Once reserved for the clergy and leading aristocratic families, the gardens of Rouen gradually opened their gates to the general public over the 19th century. After becoming national, the rarest botanic collections served as public education tools, before being visible to all. In the middle of the century, Rouen’s narrow streets and its huddled insalubrious homes left little space for vegetation within the town. Major modernisation work, inspired by Haussmann’s urban planning, gave way to new green areas, Solferino Square in particular. Later, Rouen was endowed with squares and gardens for use by labourers. Gardens then became synonymous to hygiene, by facilitating the circulation of fresh air. They also boasted a strong social dimension, given their location in the heart of popular districts. The conference will focus on the experience of gardens in the 19th century, from their design to their usage.

Bénédicte Percheron

Bénédicte Percheron is a research engineer for the Urbanature project (knowledge and culture of urban biodiversity), initiated by the Gustave Eiffel University.
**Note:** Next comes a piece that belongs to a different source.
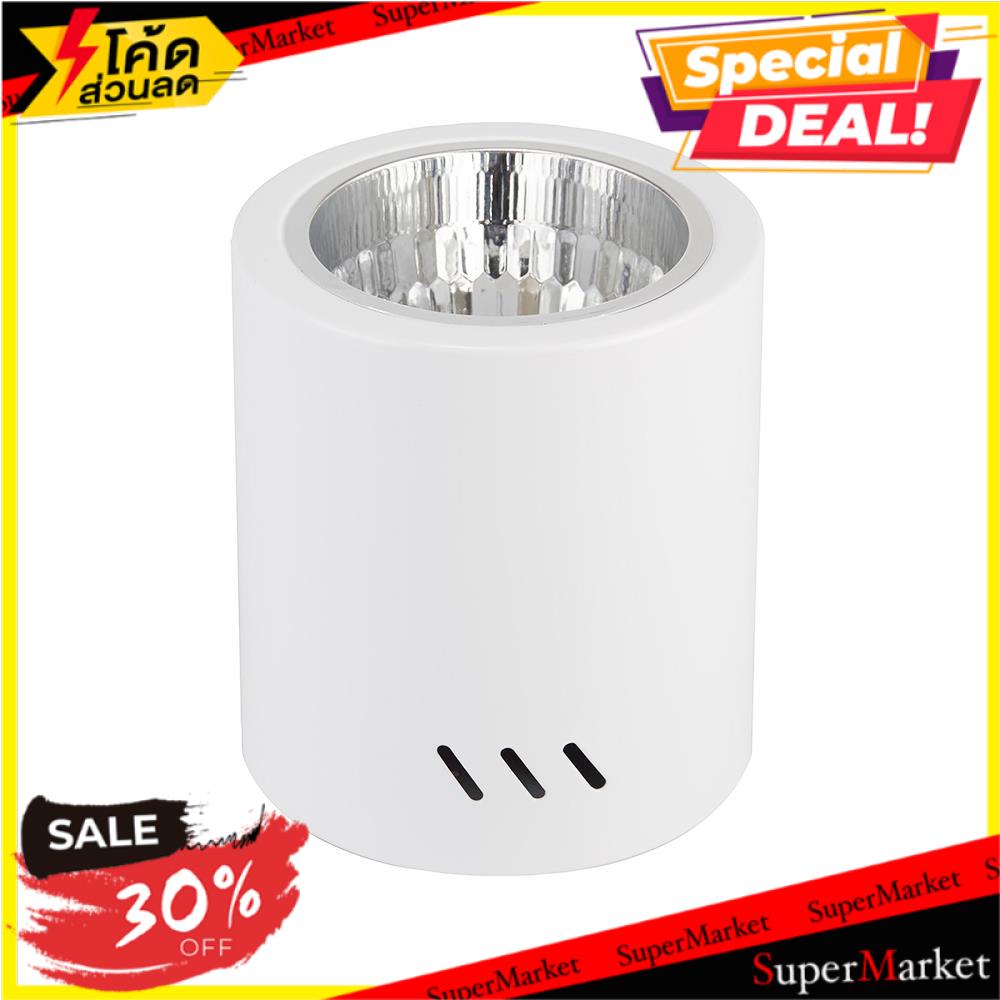 🔥*พร้อมส่ง*🔥 โคมดาวน์ไลท์ EVE EL-04001 545427 4 นิ้ว สีขาว โคมไฟดาวน์ไลท์ DOWNLIGHT EVE EL-04001 545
She is a doctor in contemporary history, specialised in the history of science and in heritage studies. She is the author of a thesis, prepared under the direction of Yannick Marec and presented in 2014, entitled ‘Les sciences naturelles à Rouen au XIXe siècle : muséologie, vulgarisation et réseaux scientifiques (1789 – 1923)’ (Natural science in 19th-century Rouen: museology, popularisation and scientific networks (1789-1923)), published in 2017 by Matériologiques. She was a post-doctoral student at the Fondation Maison des Sciences de l’Homme in Paris for the ANR Biolographe project from 2015 to 2017 and worked on the transfer of biological knowledge through literature in the 19th century. She is an associate researcher with the University of Rouen history research group: GRHis EA 3831. She also holds a PhD in musicology, presented in 2007.